We consider a simple (6-1) strategy that allocates all funds each month to the one sector or style ETF with the highest total return over the past six months (effectively pitting the sector winner against the style winner). Using monthly dividend-adjusted closing prices for these 15 ETFs over the period August 2001 (limited by data availability for IWS/IWP) through April 2012 (129 months), we find that:

The following chart presents the distribution of winning ETFs based on past six-month momentum over the available sample period. The XLE energy sector ETF comprises 39 of the 123 monthly winners (32%). Style ETFs win only 15 months, and large capitalization stocks never win.  The returns of all these U.S. equity ETFs are highly correlated. The sector ETFs are more finely segmented than the style ETFs, so they are generally more volatile and therefore more likely to win on momentum.

How does applying the 6-1 combined style and sector ETF momentum strategy translate into cumulative returns?

The next chart compares the cumulative values of $100,000 initial investments in each of the sector ETF, style ETF and combined 6-1 momentum strategies over the available sample period. Calculations derive from the following assumptions:

  • Reallocate at the close on the last trading day of each month (assume that total six-month past returns for the ETFs can be calculated just before the close).
  • Trading (switching) friction is 0.25% of the balance whenever there is an ETF switch.
  • Ignore any tax implications of trading.

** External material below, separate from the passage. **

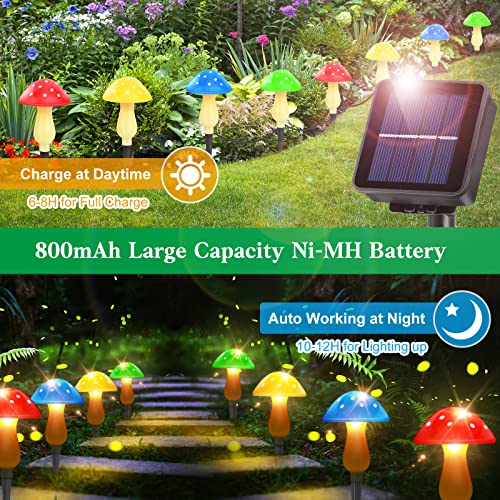 Solar Powered Mushroom Stake Lights with 8 Lights and 8 Modes O183519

At the assumed level of switching friction, the net style ETF momentum strategy (Style 6-1) and net sector ETF momentum strategy (Sector 6-1, from “Simple Sector ETF Momentum Strategy”) perform similarly. The combined strategy (Style+Sector 6-1) underperforms due to a few unlucky switches during the 2008-2009 market crash and elevated trading frictions.

The number of switches for the combined strategy is 53, compared to 38 for Style 6-1 and 49 for Sector 6-1.

How do average monthly returns, as alternative measures of strategy performance, compare?

The final chart depicts the average monthly net returns (with 0.25% switching frictions) and the standard deviations of monthly returns for the three sector ETF momentum strategies. As indicated by the above cumulative performance, Style 6-1 and Sector 6-1 have similar statistics, with the combined strategy lagging.

In summary, evidence from simple tests indicates that a combined U.S. equity style and sector ETF momentum strategy underperforms the separate style and sector ETF momentum strategies due to a few unlucky switches and elevated trading friction.

In other words, more choices are not always better for a momentum strategy.

Cautions regarding findings include:

  • Sample size is modest (about 22 independent six-month momentum ranking intervals).
  • The selected ETF ranking interval derives from prior academic studies that most often use six-month and 12-month ranking intervals, with one-month holding intervals. This prior research may impound (and therefore transmit) data snooping bias, which is especially pernicious for small samples. Ranking intervals other than six months and holding periods other than one month may produce different results. For the above tests, using longer ranking and holding intervals would effectively reduce the already-small sample size. Optimizing the ranking and holding intervals would elevate data snooping bias.
  • Including ETFs representing other asset classes (such as bonds, commodities and international stocks) may enhance results, but may also increase number of position switches and therefore cumulative trading friction.
  • Potential wildness in ETF monthly return distributions limits confidence in results.